Now we experience temporal existence.
The God we know and believe in an eternal existence without a beginning or end.
Now the premise is existence. Existence exists. Question: Is there an uncaused existence? Yes. Now we know this to be God. The atheist or agnostic does not yet.
The quesetion is there an uncaused existence?
The argument, there is an uncaused existence. The uncaused existence needs no God. Either this uncaused existence is the identity of God or there is none.
What in that argument does not make sense to you?
What in that argument does not make sense to you?
If ontological, does not fit. What should it be called?
That was a jab. Please forgive me. I'm trying to keep it simple. I really am.
We should be able to give reasons to others. Present the gospel to them. That is all we need to do. Give the reasons for our own knowing. And give them the gospel. If the consider God's words as His words they can know too. (John 6:45, 1 John 5:9, etc.)
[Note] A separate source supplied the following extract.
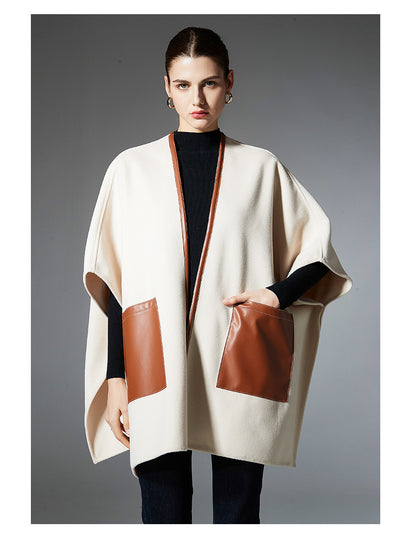 Chal Cruzado de Cuero Crema para Otoño e Invierno - Image 21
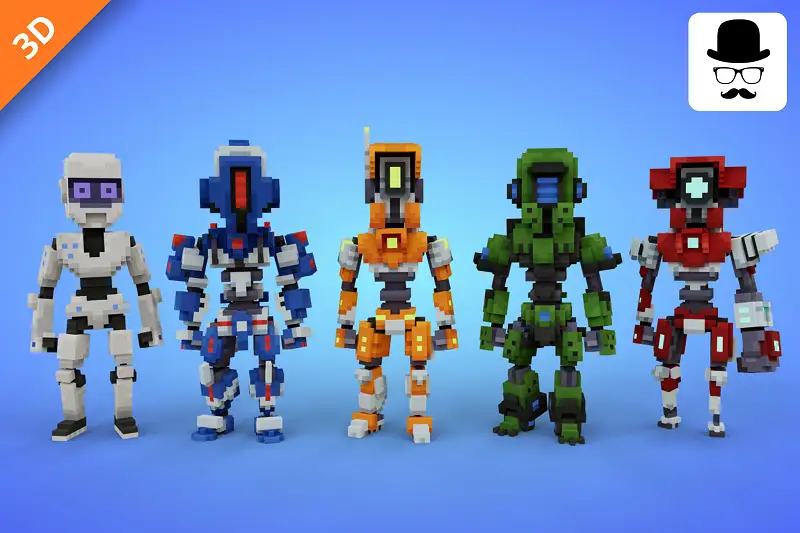 Voxel Robots Characters Pack - 3D SciFi Models Asset Thumbnail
I have no problem with an infinite regress. Still requires an uncaused existence to be.
And such an infinite regress would still required some kind of uncaused cause.
Note that. To argue that an infinite regress needs no reason to be so is nonsense.
The reason would be the uncaused cause of some sort. At some point something is uncaused.
The fact that God is or is not a material being has no bearing on God being eternal.
Now we know God is a Spirit and not a material being. God's messengers are spirit too. Given at times what appears to be material form. Even God Himself appearing did so (His preincarnate Son). Ex nihilo meaning out of nothing, being from not anything. Since there was never nothingness. What was made was unique. Not made from something else.
If there was really ever nothingness. There would still be nothingness.
We would not be here either. Nothing comes from nothingness. There would be no uncaused existence. Nothingness is nonexistent. So because nothingness cannot be anything there was always something. Uncaused existence.
That argument of nothingness belabors the point.
That argument of nothingness belabors the point.
Also, and maybe ironically, underneath all of this I get a sense of that you're advocating some form of presuppositional apologetics. I get a sense that you're doing natural theology while at the same time trying to shoehorn it into presuppositional apologetics, but maybe I'm off base there.